O yüzden olayın birkaç türlü açıklaması yapılır. Bunların ilki, olayı diktatörlük kurmasına vesile olsun diye İttihat ve Terakki düzenlemiş, fakat ipin ucunu kaçırmıştır. Bir diğer açıklama, olay tamamen Abdülhamit’in eseridir der, ama Abdülhamit olayın düzenleyicisi değildir. Üçüncü açıklamaya göre ise ayaklanmayı muhalefet düzenlemiş ve başlatmıştır. Muhalefet denildiğinde, başta Prens Sabahattin ve grubu, Ahrar Fırkası ve onun dinsel kolu olan “İttihadı Muhammed Cemiyeti” anlaşılır. Ayaklanmanın Ahrar Fırkası tarafından düzenlendiğine ilişkin birçok kanıt bulunmaktadır.
Ayaklanmanın sonuçları
Ayaklanma karşısında Almanya ile İngiltere'nin tutumu ilgi çekicidir: İngiltere, ayaklanmayı destekler ve Ahrar Fırkası'nın İttihat ve Terakki’ye karşı güçlenmesini arzu eder.
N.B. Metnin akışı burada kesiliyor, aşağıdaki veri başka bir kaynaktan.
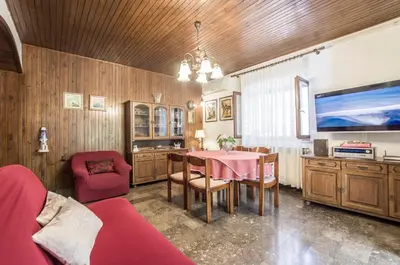 TV i/ili zabavni centar u objektu Holiday home Villa Spilla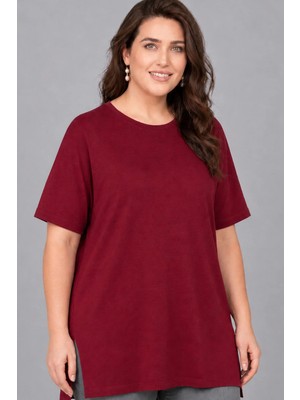Curvy Trend Büyük Beden Bisiklet Yaka Kısa Kol Yan Yırtmaçlı Bluz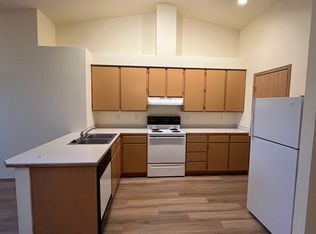 1716 4th St APT 2, Marysville, WA 98270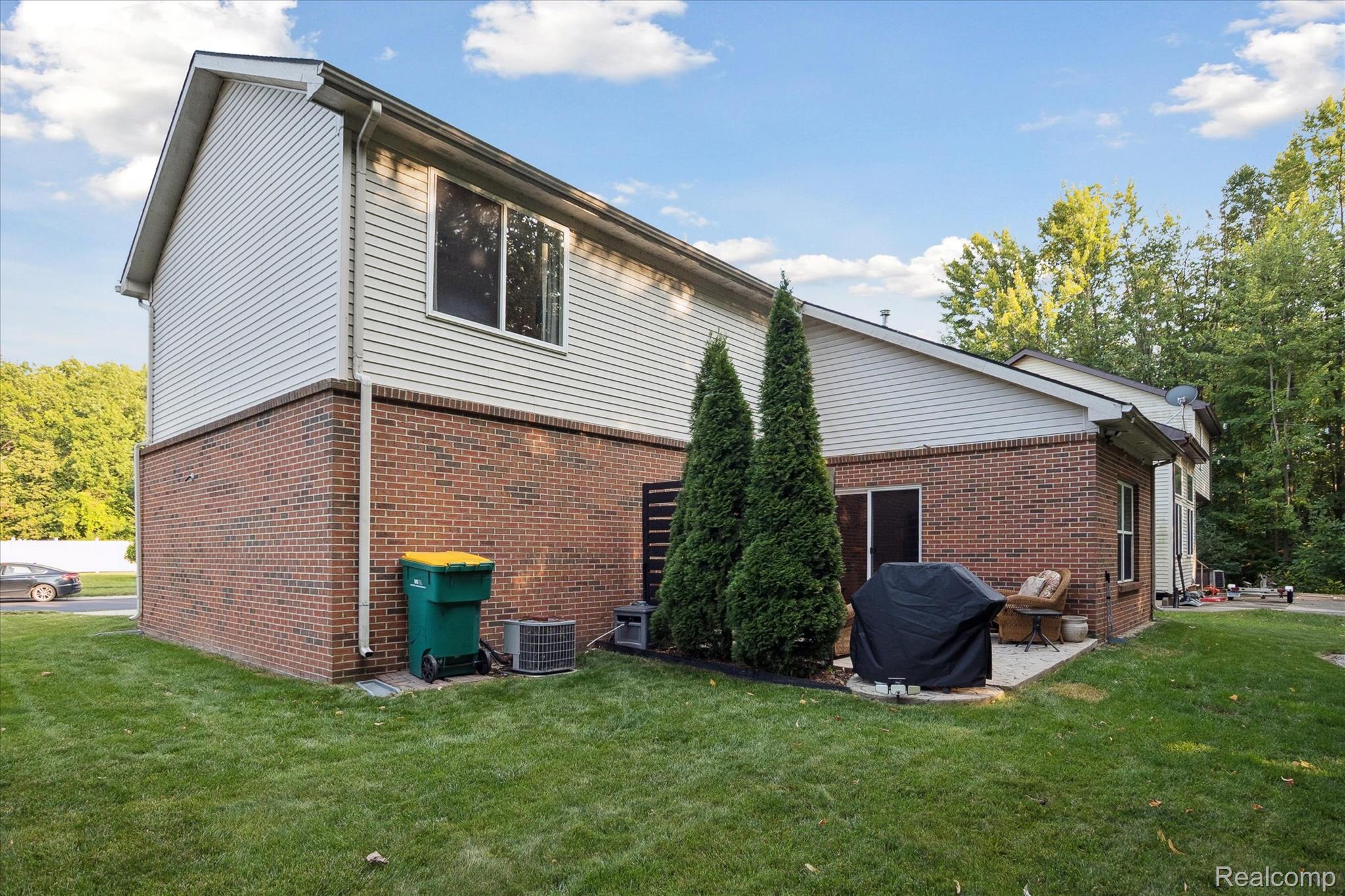 Brownstown Charter Township, Michigan 48183, United States, 3 Bedrooms Bedrooms, ,2 BathroomsBathrooms,Residential,Active,206867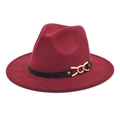 Dettaglio del cappello fedora in lana bordeaux con cintura in pelle nera e catena d'oro - Borgogna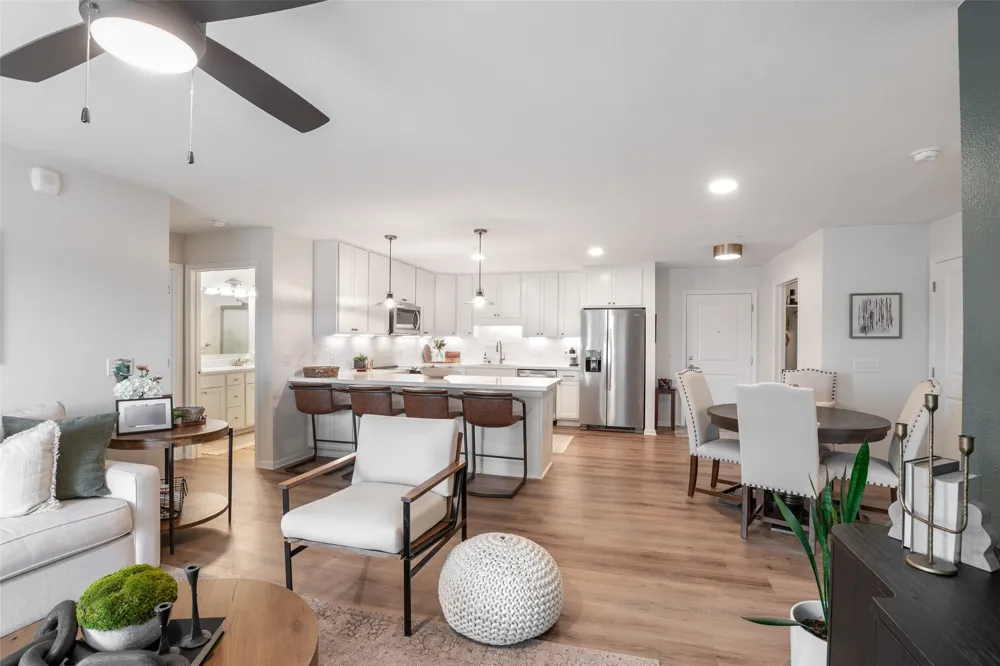 8381 Davis Boulevard #306 North Richland Hills, TX 76182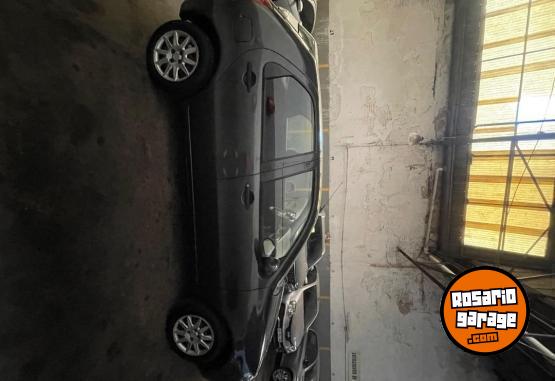 Autos - Fiat Palio 2013 GNC 82000Km - En Venta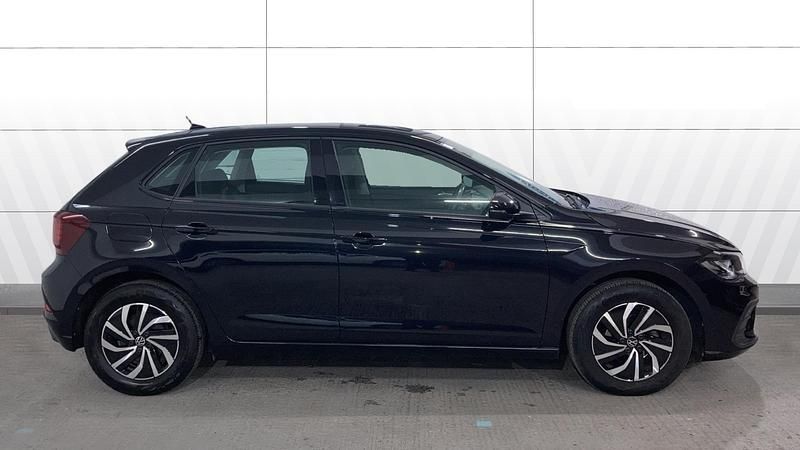Used VW Polo Life 95 HP (69 kW) 2022 Black Hatchback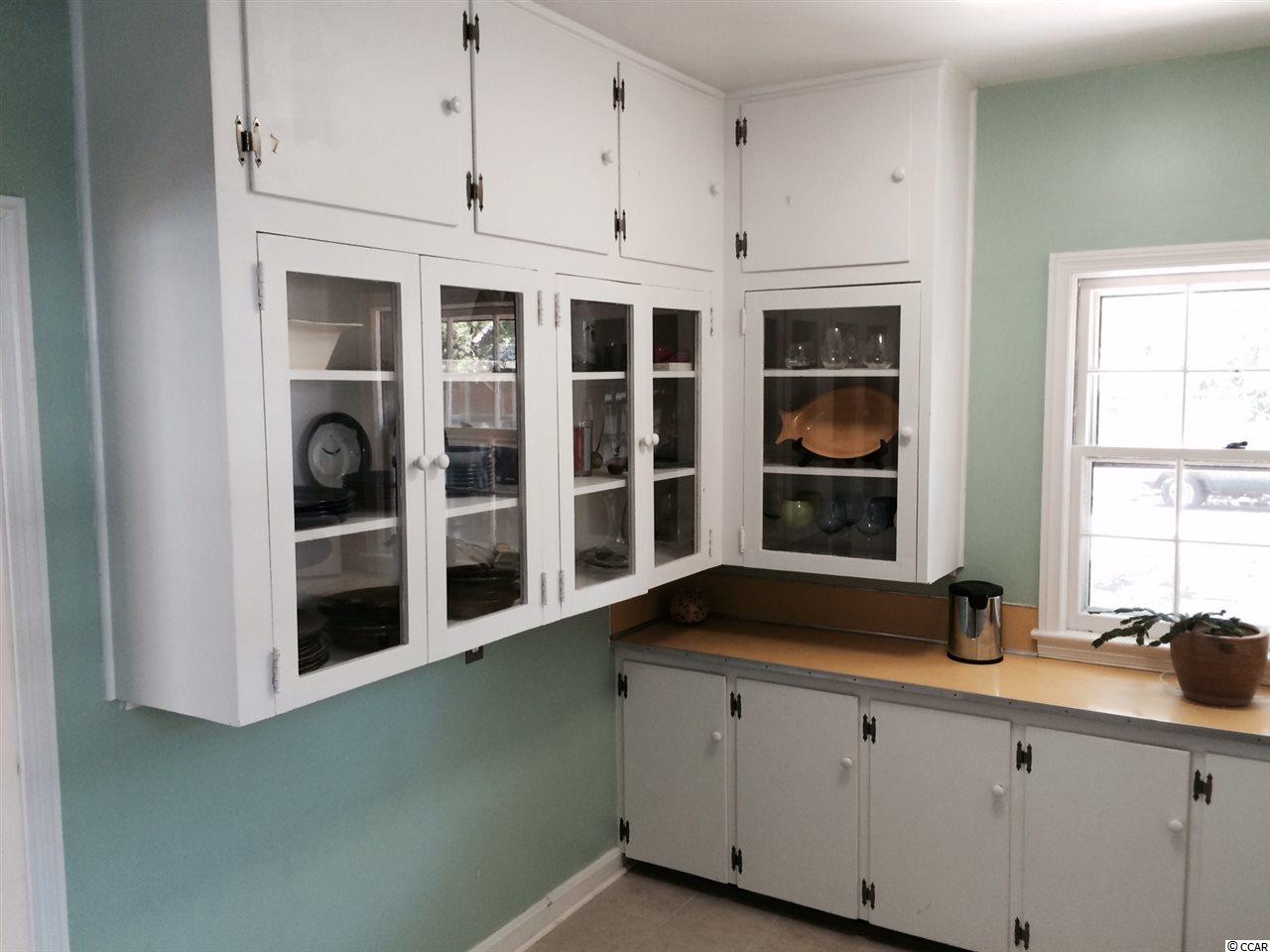 118 Queen Street Georgetown, SC 29440 - Photo 5 of 17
Almanya ise Hareket Ordusu’nu destekler. Genel olarak bakıldığında; Hareket Ordusu’nun İstanbul’a girişi, birçok çevrede bir Alman zaferi ve bir İngiliz yenilgisi olarak kabul görür. 31 Mart Ayaklanması’nın bastırılması, İttihat ve Terakki açısından iki önemli siyasal sonuç doğurur: Birincisi, II. Abdülhamit'in tahttan indirilmesi ve daha bağımlı bir kişiliğe sahip Mehmet Reşat’ın tahta geçirilmesidir.